I don't know about the Power Sun bulbs never heard of them, but im going to ask that straight away when I get to the store  What are the benefits from that ?


----------



## Toby_H (May 13, 2011)

I agree with increasing the 75W to a larger bulb...

I agree that any form of belly heat is a bad idea.


----------



## chelvis (May 13, 2011)

powersun is a MVB made by ZooMed that produces both UVA and UVB which aids in calcium absorbation. This is critical to a growing tegu. Sometimes Powersuns can be hard to find, but there are a few other companies amkeing them now.


----------



## herpgirl2510 (May 14, 2011)

I use a power sun 100 watt and a 75 watt halogen.I find that the power sun does not give out alot f heat but is essential for them to have for the uvb. Is the top of your enclosure screen? If it is you will lose alot of heat and humidity I would cover 1/2 of the screen see if that helps. You can also lowe the light if the tank is high enough. Also what are you using to take your temps? They sell infrared temp guns they are pretty inexpensive here if you can get one of those they are the best for monitoring temps.


----------



## Rhetoric (May 14, 2011)

Welcome! I use 2 solar glo 160 in Gurus enclosure. Gary and the female have a larger enclosure and they've got one solar glo 160 watt, halogen 125 (not on too much since its warming up) and a 75 watt bulb to keep the other end of the enclosure warm. As it gets warmer I don't think I'll need the 75 watt very much. 

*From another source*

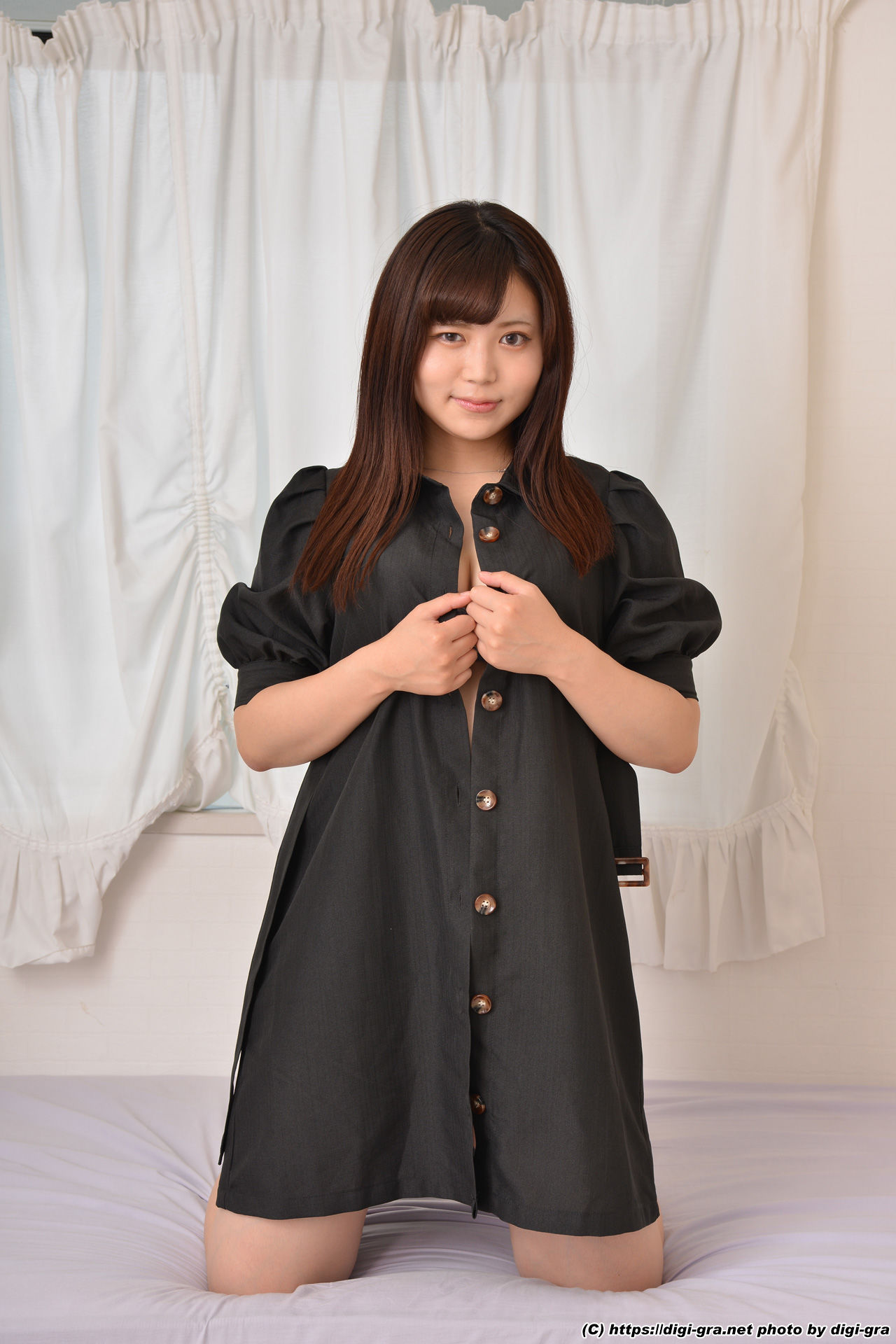 [Digi-Gra] Haruka Miyana 宮名遥 Photoset 05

As far as measuring temps go, I was really anal about it but the thermometers I have are probed, good for accuracy but my tegus kick them around A LOT. I could figure out a way to make them more stationary if I wanted to but I'm comfortable with doing a check once a day or even every other day. If my tegus are always basking it tells me they might need more heat, if they're never basking that tells me its too hot. I don't think its the best way to judge unless you've had your tegu for a while and you've regularly monitored the temps beforehand. 

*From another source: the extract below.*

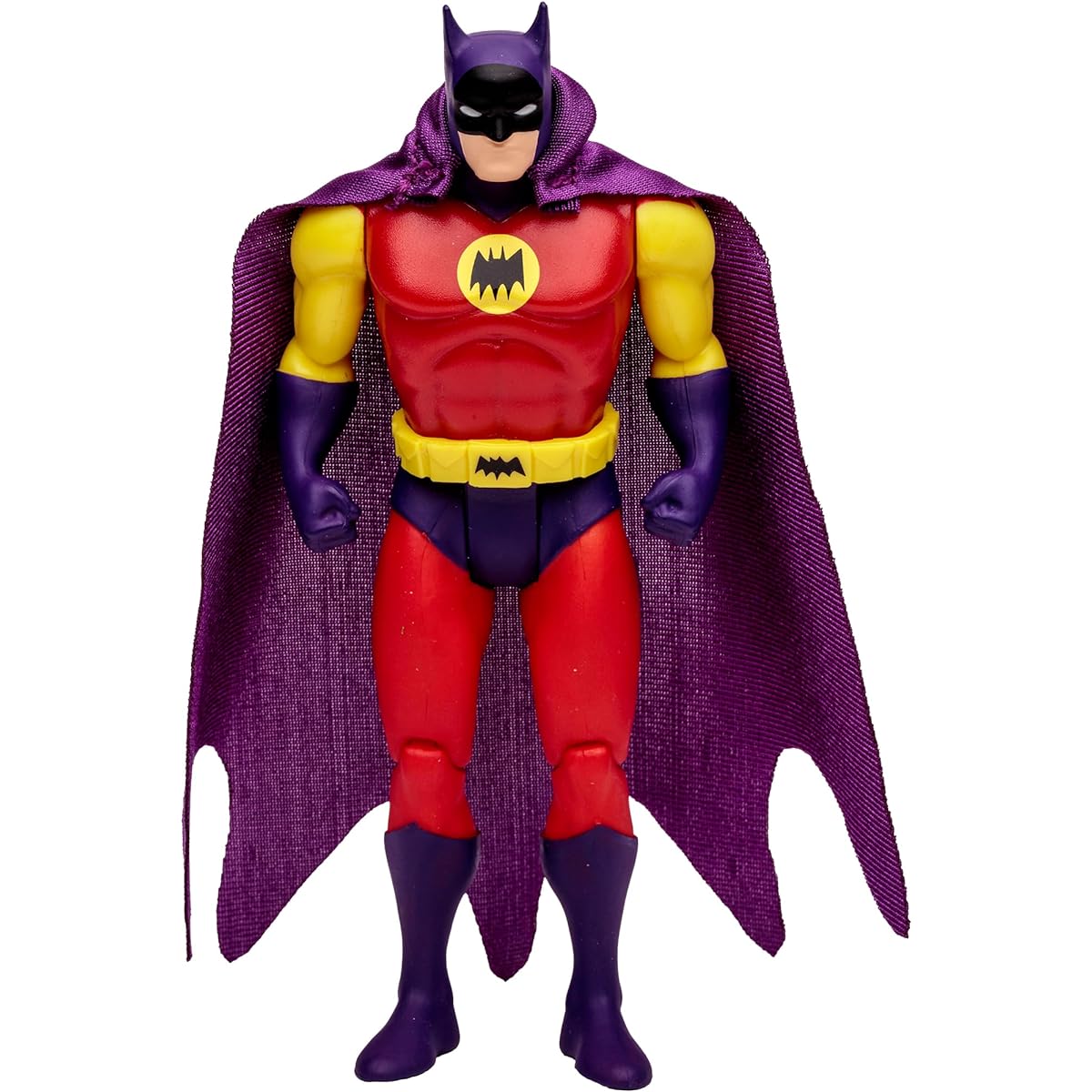 McFarlane Toys DC Super Powers Batman of Tools N.R. 4.5" Action Figure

Just out of curiosity, you had said the store recommended the UVB bulbs you purchased but what kind are they? 
Are they coiled like this






Or are they the tube style like this





Or is it a combo with the heating bulb, an MVB?
What is the strength of the uvb bulb do you know? I'm not asking to be rude, its just so we can all help you prepare more.


----------



## lirillcriss (May 17, 2011)

As far as measuring temps go, I was anal about it but the thermometers I have are probed, lovely for accuracy but my tegus kick them around a lot, I could figure out a way to make them more stationary if I desired to but I am comfortable with doing a check one time a day or even every other day.


----------



## montana (May 17, 2011)

That`s one way to use anal and probed in the same sentence ...


----------



## Gedy (May 20, 2011)

@Herpgirl : I just had a thermometer for a few buck from a outlet store, so im buying a temp.gun today when i pick up my tegu.

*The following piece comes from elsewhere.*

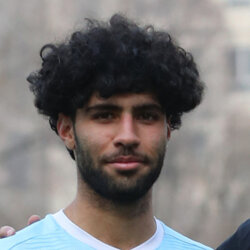 امیرحسین اندامی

@ Rhetoricx : The first picture , thats what my UVB lamp is like and it is from Exo Terra
my daylight lamp is from the samen brand, and looks like a large mushroom upside down 

I replaced the bulb for a 100W same brand and coverd half the screen now the temperature is perfect  ! I'm going to pick up my Tegu today and I realy hope he likes my enclosure  I will post a picture when Im back 

Thanks all for the quick and usefull replies ! :heart:


----------



## Rhetoric (May 20, 2011)

How far is the UVB from where your tegu will be? 
Once you need to replace your uvb bulb (usually 6 months), you should look into the tube style uvb bulbs or an MVB bulb. The reasoning for that is that they give off more UVB rays than the coil bulbs do. I don't have the exact numbers or anything to compare them 
The tube style bulbs are more expensive but they generally cover a greater area and they produce more of the uvb rays.

I used the coil type bulbs, that you're currently using, for about a year with my bearded dragon before I found out that the tubes and the MVB bulbs were "better". During that time I had no health issues with my beardie. I would just keep an eye on the tegu and make sure you are giving him a calcium supplement regularly.

Good luck with your tegu! I wouldn't be surprised if it hides a lot the first few days, maybe even the first week or two. Lots of patience, it'll come around. It really helps if you are able to do things like change the water and spot clean every day that way it gets used to your presence.



@Montana hahahahaha :^)


----------



## herpgirl2510 (May 20, 2011)

Good luck you must be excited. The temp gun is an awesome tool to have so easy to use and accurate.


----------